El comandante en jefe, el gobernante civil que acepta nuestra tradición jurídica y al que se subordinan los mismos héroes de la Independencia, esta vez es un ajeno al que se le disfraza de militar sin rendir un amago de batalla. Nace de una “ley constitucional” espuria e inconstitucional, mientras sus “subalternos”, en línea de mando, reprimen a los hijos del mismo Bolívar y a los de José María Vargas, nuestro rector magnífico, que opone ante valiente al hombre de justicia.

Medina Angarita abandonó el poder para evitar se derramase una gota de sangre venezolana en su defensa. Pérez Jiménez hizo otro tanto – se dice que cuidando su pescuezo – una vez como supo que, para quedarse, tendría que masacrar a las jóvenes generaciones de la Casa de los Sueños Azules. Tomó las de Villadiego y abordó la Vaca Sagrada, y las Fuerzas Armadas facilitaron el camino hacia la democracia civil y de partidos, sumándose al proceso modernizador venezolano. Para lo sucesivo, se volvieron las garantes de la auténtica soberanía popular. Renunciaron a servir a parcialidades y a dictadores.

El maestro Edgar Sanabria, expresidente de la Junta de Gobierno de 1958, cuya amistad conservo como activo memorioso, al trasmitir su mando a la democracia dejó palabras que aleccionan y muestran en carnes la desviación que nos acongoja: “Se había hecho ya rutina histórica que el caudillo vencedor de una revolución se convirtiera de hecho, en el nuevo autócrata… El contralmirante Wolfgang Larrazábal se separó voluntariamente de su elevado cargo. Por primera vez en nuestra historia, él, cabeza de un movimiento victorioso, entró a competir, sin ventajas ni privilegios, en una justa electoral en la que el árbitro iba a ser directamente el pueblo de Venezuela”. Perdió y respetó la soberanía popular.

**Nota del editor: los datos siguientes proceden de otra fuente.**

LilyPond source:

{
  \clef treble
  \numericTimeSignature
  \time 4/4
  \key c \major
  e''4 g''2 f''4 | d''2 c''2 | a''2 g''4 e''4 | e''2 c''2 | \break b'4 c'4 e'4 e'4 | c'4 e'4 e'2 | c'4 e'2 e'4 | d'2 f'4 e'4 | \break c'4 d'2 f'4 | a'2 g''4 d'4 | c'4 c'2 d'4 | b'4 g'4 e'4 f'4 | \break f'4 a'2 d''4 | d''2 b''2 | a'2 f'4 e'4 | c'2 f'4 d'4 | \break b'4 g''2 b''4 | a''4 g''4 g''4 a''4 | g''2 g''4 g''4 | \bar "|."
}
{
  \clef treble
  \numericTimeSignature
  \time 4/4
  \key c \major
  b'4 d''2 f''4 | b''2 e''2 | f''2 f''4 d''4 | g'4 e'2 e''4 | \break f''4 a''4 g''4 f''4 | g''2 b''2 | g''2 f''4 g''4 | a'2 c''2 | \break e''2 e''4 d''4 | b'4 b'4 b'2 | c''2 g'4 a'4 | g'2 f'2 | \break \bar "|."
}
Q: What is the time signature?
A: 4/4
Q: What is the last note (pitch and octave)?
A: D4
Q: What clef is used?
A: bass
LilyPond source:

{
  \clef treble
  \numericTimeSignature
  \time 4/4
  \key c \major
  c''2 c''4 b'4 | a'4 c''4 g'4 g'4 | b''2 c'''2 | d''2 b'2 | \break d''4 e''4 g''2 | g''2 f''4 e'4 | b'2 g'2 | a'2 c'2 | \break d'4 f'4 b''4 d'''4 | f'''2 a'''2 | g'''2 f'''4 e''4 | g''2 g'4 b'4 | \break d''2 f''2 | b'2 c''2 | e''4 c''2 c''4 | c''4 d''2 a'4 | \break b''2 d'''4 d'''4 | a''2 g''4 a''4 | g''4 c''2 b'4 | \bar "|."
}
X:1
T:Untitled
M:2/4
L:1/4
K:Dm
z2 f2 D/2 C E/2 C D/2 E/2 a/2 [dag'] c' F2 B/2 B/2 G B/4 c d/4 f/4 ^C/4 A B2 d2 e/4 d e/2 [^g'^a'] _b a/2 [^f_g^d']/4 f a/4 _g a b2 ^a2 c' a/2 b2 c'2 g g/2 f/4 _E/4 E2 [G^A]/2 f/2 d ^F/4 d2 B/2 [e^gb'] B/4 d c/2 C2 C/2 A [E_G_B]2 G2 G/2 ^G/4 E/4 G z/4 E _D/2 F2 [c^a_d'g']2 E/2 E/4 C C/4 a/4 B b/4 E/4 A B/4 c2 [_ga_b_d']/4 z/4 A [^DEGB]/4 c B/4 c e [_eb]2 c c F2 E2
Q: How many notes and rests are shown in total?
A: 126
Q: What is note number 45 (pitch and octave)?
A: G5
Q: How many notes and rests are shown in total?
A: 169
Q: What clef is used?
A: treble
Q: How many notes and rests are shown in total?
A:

Y Sanabria ajusta lo que vio y vivió y resolvió como presidente transitorio: “Hallamos un ejército receloso de los civiles y expuesto a la discordia interna”. “Comenzamos a eliminar la desconfianza absurda por culpa de la cual se miraban como adversarios el civil lleno de presagios y el militar inficionado de prejuicios”. Larrazábal, enhorabuena, había marcado el paso.